Fadil hanya terdiam mendengar itu, dia melihat Keanu yang pergi dari hadapannya. Sebenarnya Fadil datang kesini juga karena ingin mencari informasi tentang keberadaan Yara saat ini. Namun ternyata dia tidak mendapatkan informasi apapun.
Fadil kembali ke mobilnya dan melajukan mobilnya meninggalkan tempat kos Yara. Perasaan Fadil yang semakin tidak enak ketika dia semakin memikirkan Yara.
Maafkan aku Yara, kemana kamu pergi sekarang.
#######
DI tempat yang berbeda Yara baru saja sampai di rumah sakit untuk melakukan perawatannya. Sebenarnya Yara sangat takut untuk kemoterapi yang katanya begitu menyakitkan. Meski penyakit kanker yang di alaminya masih dalam stadium awal. Namun Yara tetap takut untuk melakukan itu.

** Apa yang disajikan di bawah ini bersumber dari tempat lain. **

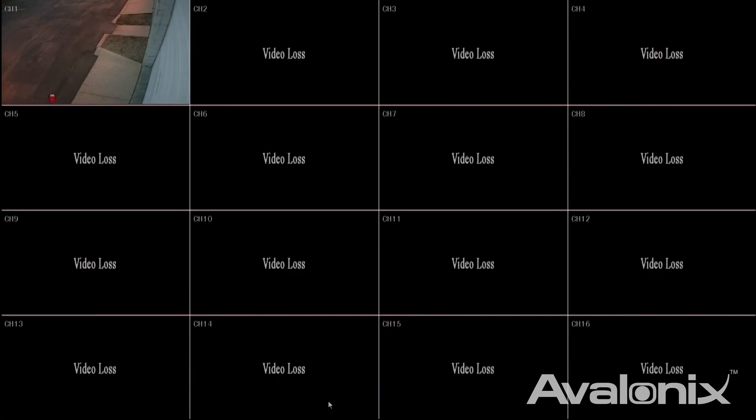If you press this red button like I'm going to do now, it will start recording all channels that are connected to video. In this case channel 1, you'll see that we have a red dot that stays put. That means this is recording all the time.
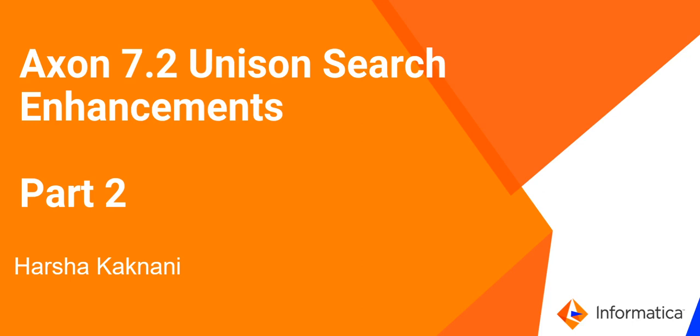Hi everyone, welcome to Informatica support video. This is Harsha Kakhnani from Informatica GCS. In this video, I will be talking about Unison search enhancements in Axon version 7.2. So let's get started.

Ketika dia sudah berganti pakaian dengan pakaian pasien. Dia menatap dirinya di balik pantulan cermin. Bagaimana wajahnya yang memang terlihat pucat, Yara tau kalau penyakitnya itu tidak bisa di anggap mudah dan gampang.
Dan Yara benar-benar merasakan kesakitan yang luar biasa saat menjalani kemoterapi untuk pertama kalinya. Padahal yang dia jalani masih dengan dosis yang rendah. Yara hanya menangis dengan segala penderitaan yang dia alami saat ini. Rasanya Yara tidak mempunyai kekuatan ketika masa kemoterapi berjalan.
Seandainya ada seseorang yang menemani aku menjalani pengobatan ini, mungkin aku tidak akan selemah ini.
Yara menginap satu malam di rumah sakit karena efek kemoterapi yang membuat kondisi tubuhnya lemah. Dan pagi ini dia kembali pulang ke rumah, namun bukan untuk istirahat tapi untuk kembali bekerja. Karena Yara tidak mungkin terus tidak masuk kerja tanpa alasan yang jelas. Sudah pastinya dia tidak akan bisa memberikan alasan yang tepat pada orang-orang yang akan mempertanyakan tentang alasan dirinya tidak masuk kerja.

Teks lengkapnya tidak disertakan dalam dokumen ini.